TASK ITEM:
Please, without any pictures, set down exactly the part of the listing below that opens with the line containing "Fire and Fury" and closes with the line containing "apple cider vinegar pills weight loss recipe".

RECORDS SHOWN:
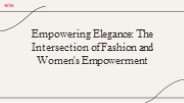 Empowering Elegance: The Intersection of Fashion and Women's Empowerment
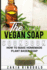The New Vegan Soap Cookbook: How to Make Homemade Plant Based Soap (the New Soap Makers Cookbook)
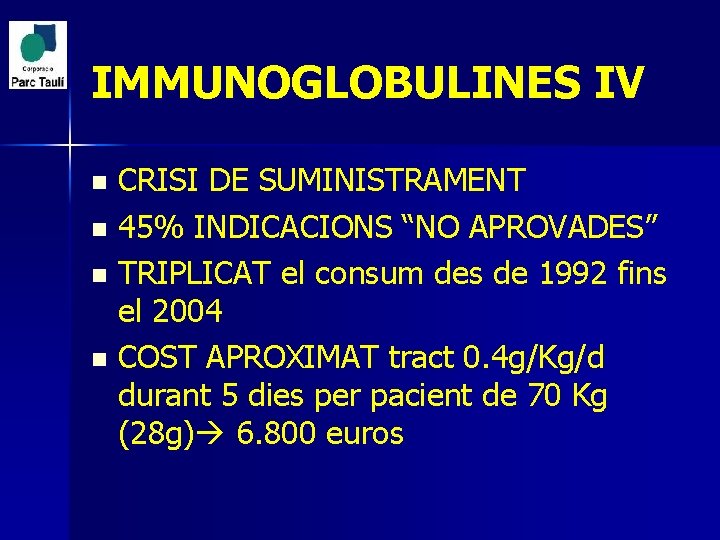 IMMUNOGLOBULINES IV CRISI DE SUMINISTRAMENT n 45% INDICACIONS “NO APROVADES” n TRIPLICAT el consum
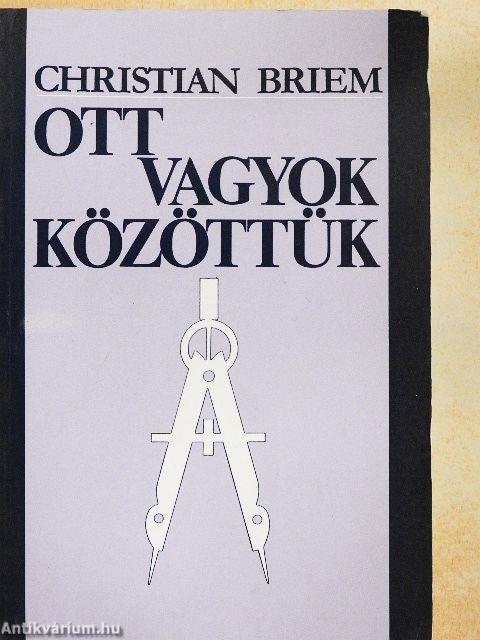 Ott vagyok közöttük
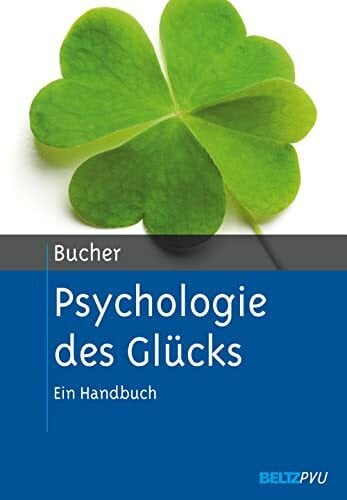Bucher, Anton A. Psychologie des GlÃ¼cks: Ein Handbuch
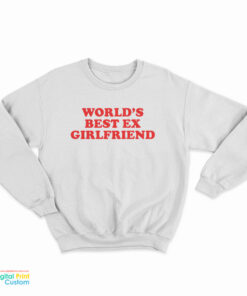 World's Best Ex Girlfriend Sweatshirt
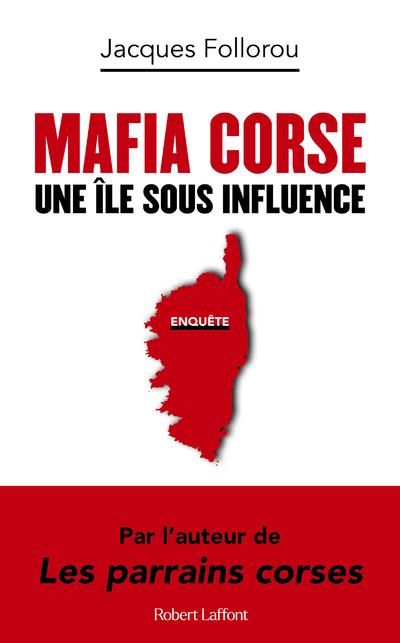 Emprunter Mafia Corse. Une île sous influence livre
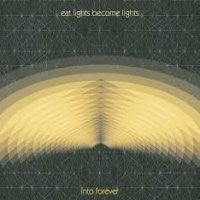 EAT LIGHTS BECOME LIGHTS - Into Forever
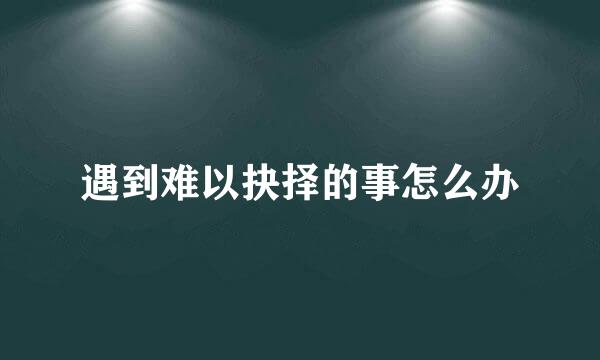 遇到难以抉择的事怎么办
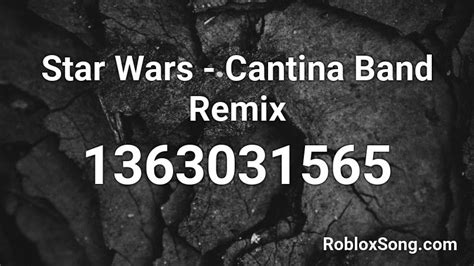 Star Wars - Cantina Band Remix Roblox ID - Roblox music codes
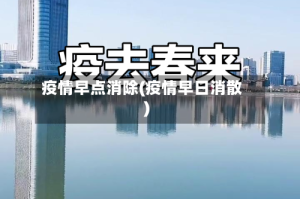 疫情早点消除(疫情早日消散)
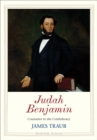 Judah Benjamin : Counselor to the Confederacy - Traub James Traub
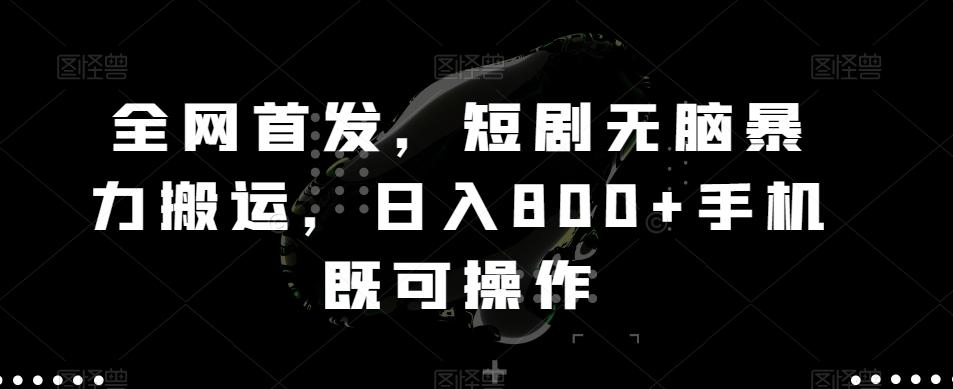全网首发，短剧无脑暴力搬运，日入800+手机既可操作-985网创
* * *
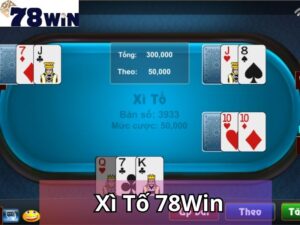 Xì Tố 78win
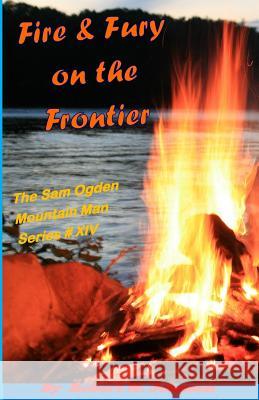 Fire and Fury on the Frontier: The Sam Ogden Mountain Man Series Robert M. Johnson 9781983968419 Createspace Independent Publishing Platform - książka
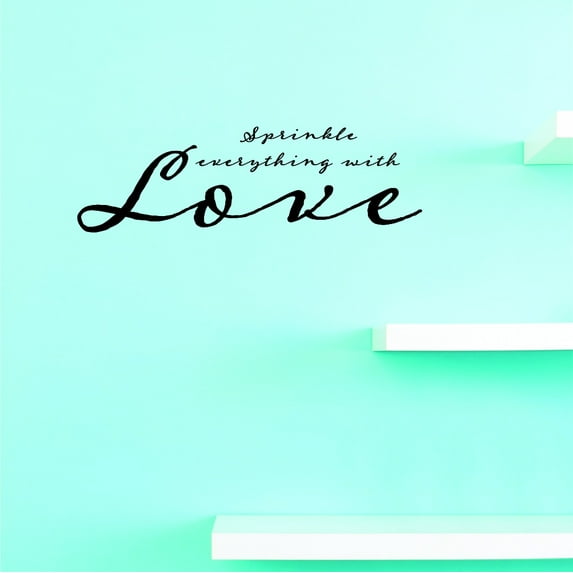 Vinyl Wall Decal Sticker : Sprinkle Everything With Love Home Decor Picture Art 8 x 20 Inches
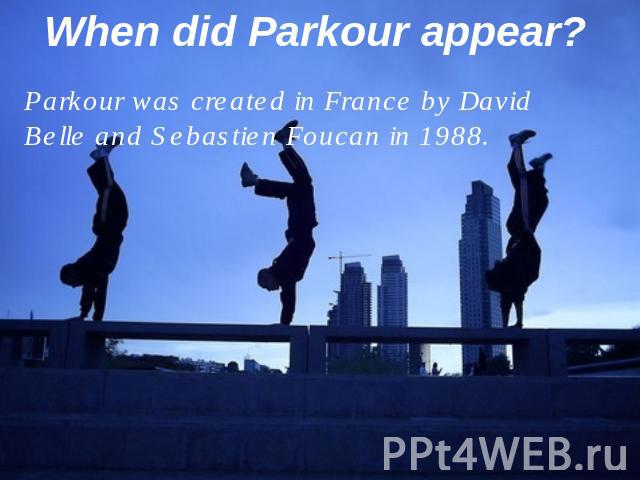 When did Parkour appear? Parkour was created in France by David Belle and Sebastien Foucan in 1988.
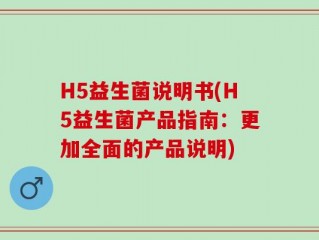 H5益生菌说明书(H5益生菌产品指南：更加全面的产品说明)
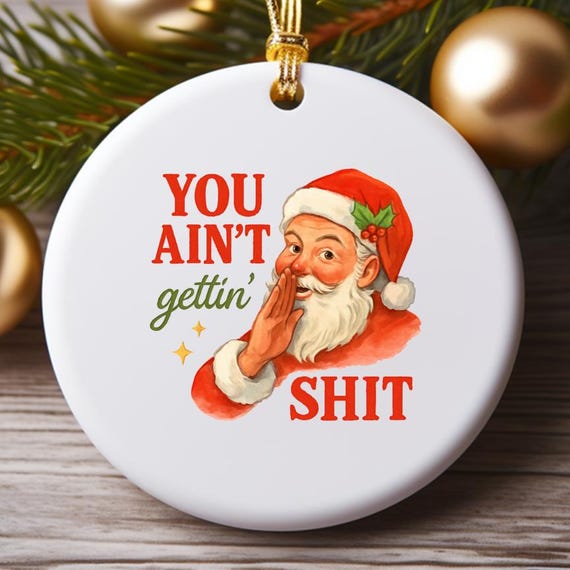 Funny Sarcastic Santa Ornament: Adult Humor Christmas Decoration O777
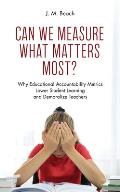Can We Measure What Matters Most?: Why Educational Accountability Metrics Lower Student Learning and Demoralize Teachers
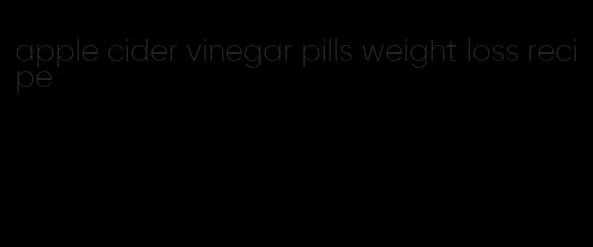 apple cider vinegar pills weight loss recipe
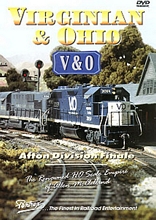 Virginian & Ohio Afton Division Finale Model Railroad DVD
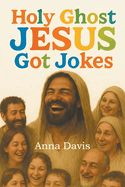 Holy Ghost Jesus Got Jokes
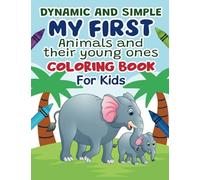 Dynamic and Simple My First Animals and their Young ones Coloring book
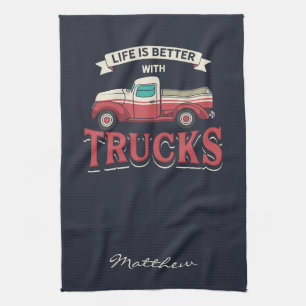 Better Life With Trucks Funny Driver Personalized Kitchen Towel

ANSWER BOX:
 Fire and Fury on the Frontier: The Sam Ogden Mountain Man Series Robert M. Johnson 9781983968419 Createspace Independent Publishing Platform - książka
 Vinyl Wall Decal Sticker : Sprinkle Everything With Love Home Decor Picture Art 8 x 20 Inches
 When did Parkour appear? Parkour was created in France by David Belle and Sebastien Foucan in 1988.
 H5益生菌说明书(H5益生菌产品指南：更加全面的产品说明)
 Funny Sarcastic Santa Ornament: Adult Humor Christmas Decoration O777
Can We Measure What Matters Most?: Why Educational Accountability Metrics Lower Student Learning and Demoralize Teachers
 apple cider vinegar pills weight loss recipe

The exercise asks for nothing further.